SHA1 being used despite public key preferences

David Shaw dshaw at jabberwocky.com
Wed Oct 20 01:01:50 CEST 2010


On Oct 19, 2010, at 4:42 PM, smu johnson wrote:

> Hello,
> 
> I wish to bring up a serious issue I hope will get some discussion.  I'll try to be "to the point" in hopes more people read this.  I have posted about this before, but AFAIK, none of the developers for GnuPG saw it.
> 
> Some facts:
> 
> 1)  SHA-1 was considered broken by Bruce Schneier in 2005.  http://www.schneier.com/blog/archives/2005/02/sha1_broken.html
> 2)  An attack with a complexity of 2^51 was published in 2008 for collisions.  http://eprint.iacr.org/2008/469.pdf
> 3)  The 2010 book "Cryptography Engineering" recommends people do NOT use SHA-1.
> 
> So, why are we still using SHA-1 in GnuPG?  Worse yet, why is GnuPG picking it as the default hash signing algorithm, when people like myself have taken the time to explicitly set SHA-2 to be used before SHA-1 in a public key pref?
> 
> If I'm sending something to Joe with the "-se -r joe" arguments, I think it should look at Joe's public key preferences for the digest-algo.  It already does this with the cipher-algo, so why not the digest?  If Joe is paranoid enough to put SHA-2 algorithms first on his prefs, and they're being ignored... what is the security in that?
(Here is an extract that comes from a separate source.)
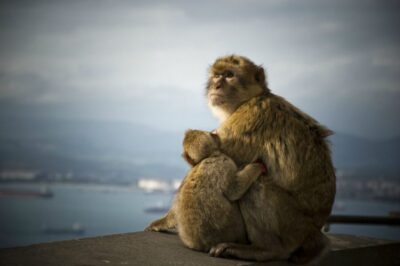 Gibraltar Sightseeing Tour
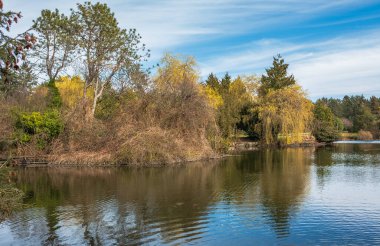 Orman Gölü. British Columbia 'da ormanla çevrili bir göl manzarası. Bahar manzarası, sudaki yansıma. Seyahat fotoğrafı, kimse yok.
Because the ultimate authority on which algorithms to use is the sender, not the receiver.  Joe may *ask* for certain algorithms, but the sender must be both willing and able to use them.  If the sender doesn't like SHA-256 (or whatever), Joe can't have it, even if he asks for it.

In this particular case of the signing digest, GnuPG does in fact honor the preferences of the recipient, but for historical reasons, the only algorithm that the sender will allow is SHA-1 (thus effectively disabling the feature).  The reason behind this is that old versions of GnuPG generated keys with a standard hash preference of RIPEMD/160 before SHA-1.  When GnuPG got the ability to use that preference to decide which hash to pick, people who were expecting SHA-1 suddenly got RIPEMD/160.  In order to not violate the law of least surprise, we stuck a SHA-1 preference in personal-digest-preferences.

If you want to issue signatures using the choices of your recipient, put this in your gpg.conf:

  personal-digest-preferences none

(i.e. you have no preference yourself, so allow the recipient to chose)

Alternately, you can list whatever preferences you do have, and the recipient will be allowed to pick among them.